When the Media Got it Wrong. Dead Wrong.
This week, WSFA reported on an article in a business publication called Kiplinger. The local media was covering this national magazine’s piece putting Montgomery squarely number one on a list we don’t want to make at all: the American cities where home prices have fallen the most. According to the report, in the past 12 months home prices have fallen by 14%.
REALTORS (this author included) are really up in arms. Because no matter where we look for statistical data, we are not seeing that kind of figure — nothing even close!
SEEKING ACCURATE DATA ABOUT MONTGOMERY HOME SALES
My first research stop was www.FHFA.gov. This is the web site of the Federal Housing Finance Administration, an agency of the federal government and a source generally regarded as a great place to go for reliable information on the state of housing in our nation.
The site has a handy little button called Housing Price Calculator. There, you see a place to input the quarter in which you bought your home, the current quarter to which you want to compare, and your purchase price. The result tells you what your home is worth today — or was worth, if you choose a quarter other than the most recent one.
Kiplinger says their data is for the past year, so I entered Quarter 1 2012 and then added Quarter 1 2013 to compare. For a purchase price I used $100,000. Voila — the calculator displayed $97,594. I’m no math whiz, but even I know that a decline of $2,406 is not 14% of $100,000. Try 2.4% instead.

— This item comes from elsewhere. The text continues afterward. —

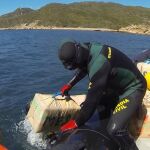 Momento en que los GEAS de la Guardia Civil sacan los fardos de droga del agua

MONTGOMERY HOME SALES HAVE SAGGED BUT NOT PLUNGED
Next I went to my own trusty spreadsheet, which goes back ages and ages. I use it for market-based blog posts here at MML from time to time. It shows how market has been behaving and is reproduced below. I don’t see a 14% decline in any year. Do you?
Montgomery Market Sales History | |||
Year | Total sold | Avg Price | Median |
6/18/2013 |
1644 |
$ 141,319 | $ 125,900 |
2012 |
3504 |
$ 140,914 | $ 126,000 |
2011 |
2787 |
$ 125,440 | $ 125,000 |
2010 |
3585 |
$ 144,254 | $ 126,000 |
2009 |
3358 |
$ 131,654 | $ 129,000 |
2008 |
3644 |
$ 136,038 | $ 133,900 |
2007 |
5492 |
$ 166,202 | $ 142,500 |
2006 |
5951 |
$ 166,460 | $ 142,000 |
2005 |
6175 |
$ 153,249 | $ 130,230 |
2004 |
5736 |
$ 138,356 | $ 115,900 |
2003 |
4946 |
$ 136,432 | $ 115,850 |
2002 |
4207 |
$ 129,590 | $ 112,000 |
2001 |
3863 |
$ 123,024 | $ 106,900 |
2000 |
3655 |
$ 116,747 | $ 100,000 |
1999 |
3773 |
$ 115,863 | $ 98,500 |
1998 |
3920 |
$ 114,194 | $ 98,137 |
1997 |
3360 |
$ 109,115 | $ 92,325 |
FROM WHOM IN MONTGOMERY DID KIPLINGER GET THEIR FIGURES?

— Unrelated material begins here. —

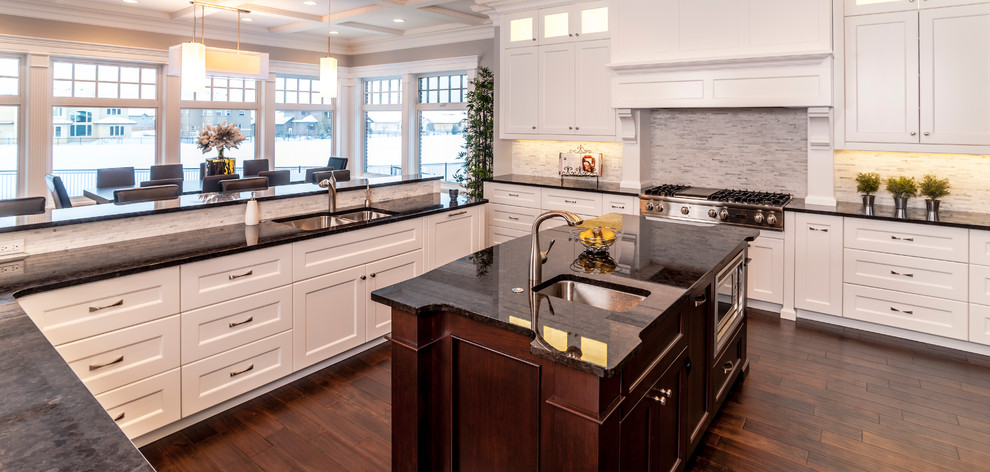 Inspiration for a large traditional u-shaped open plan kitchen in Edmonton with a single-bowl sink, shaker cabinets, white cabinets, granite benchtops, stainless steel appliances, dark hardwood floors and with island.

The next error I see in the Kiplinger article is their statement that the median home price sold was $86,000. Look at the figures above. They came straight out of our MLS. I see $125,900 year to date. What do you see? Kiplinger purports to have gotten their figures from “realtors associations and multiple listing services.” Yet no one from Kiplinger has spoken either with our association staff or any REALTOR we can find.

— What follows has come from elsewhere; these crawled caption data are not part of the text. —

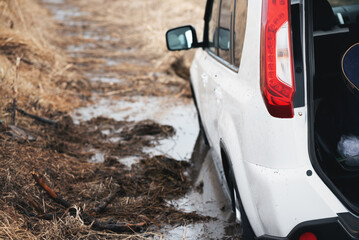 SUV car stuck in the mud close up.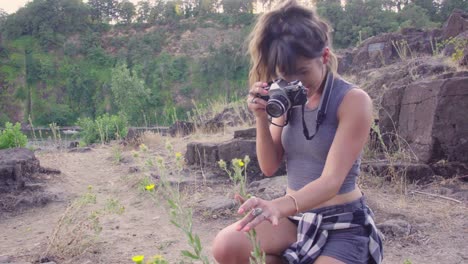 linda chica hipster tomando fotos de flores en una cámara de cine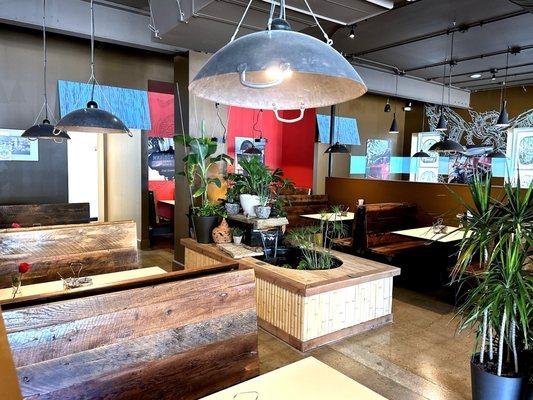 Dining Area with Water Feature and Repurposed Woks as Lights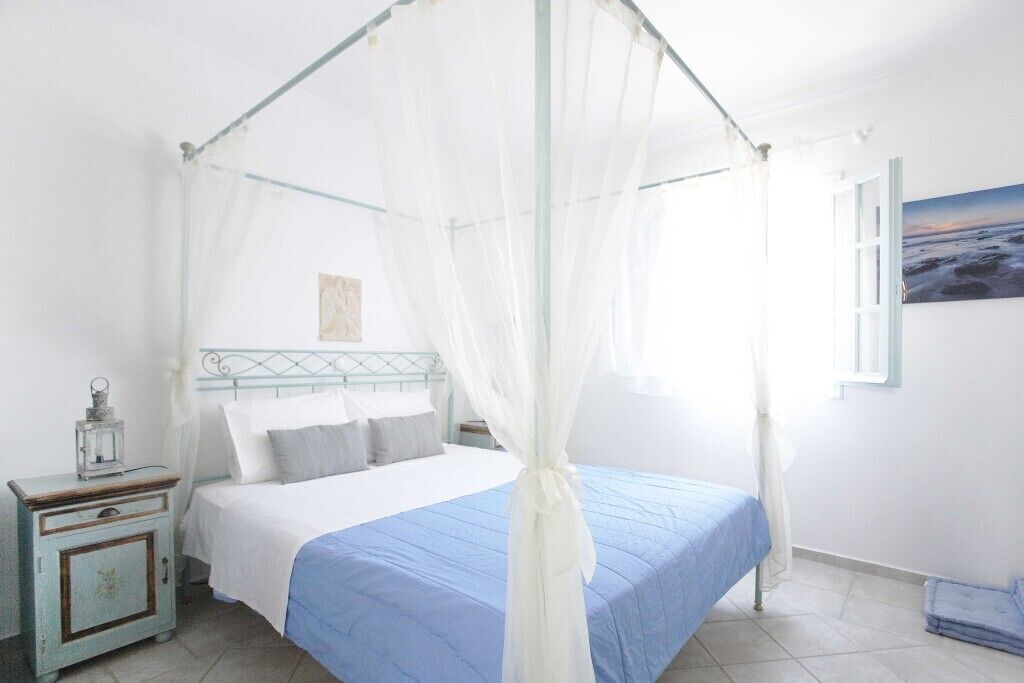 A bedroom with a four-poster bed, a nightstand, a lamp, and a painting on the wall.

To their credit, the journalists at WSFA checked in with our Association President Mugs Mullins. He said what I am saying: “Where in the devil did Kiplinger get their figures?” And wherever they got ‘em, they’re wrong … dead wrong!
Sandra Nickel has been listing and selling residential real estate for over 29 years, most with an intense focus on Montgomery’s Midtown neighborhoods. Sandra serves on the Mid-Alabama Coalition for the Homeless, the Cloverdale Business Coalition, Historic Southview, the Volunteer and Information Center, Landmarks Foundation and her own neighborhood Garden District Preservation Association.
Go get ’em Sandra. When you’ve got the facts, report them. MARA should call Kiplinger’s and give them the facts and find out where they got their numbers. Then WSFA and other media should report the true facts.
Hi, Sandra,
I saw your Tweet regarding home prices in Montgomery. I thought it might be helpful for me to respond here.
As the introduction to our slide show states, our home-price data provider is a company called Clear Capital, a real estate data and analytics company (www.clearcapital.com). Also, the sales and inventory data that I used came from the Alabama Center for Real Estate (ACRE).
The introduction also points out that we are providing data for metropolitan statistical areas. The Montgomery MSA (as defined by the U.S. Census) is comprised of four counties: Autauga, Elmore, Lowndes, and Montgomery. And the data is for single-family homes only.
Clear Capital explains how it tracks home prices as follows: “Clear Capital’s housing statistics are based on a Repeat Sales Methodology, which is significantly different from an average sale price approach and is based on observed price differences for homes that have transacted at least twice over a 19 year horizon. This methodology has been well studied in the field and is the basis for other popular housing indices such as the S&P/Case-Shiller index.”
I would add: Although the Federal Housing Finance Agency (FHFA) also uses the Repeat Sales Methodology, as I understand it, the basis of its data are conforming mortgages backed by Fannie Mae and Freddie Mac only.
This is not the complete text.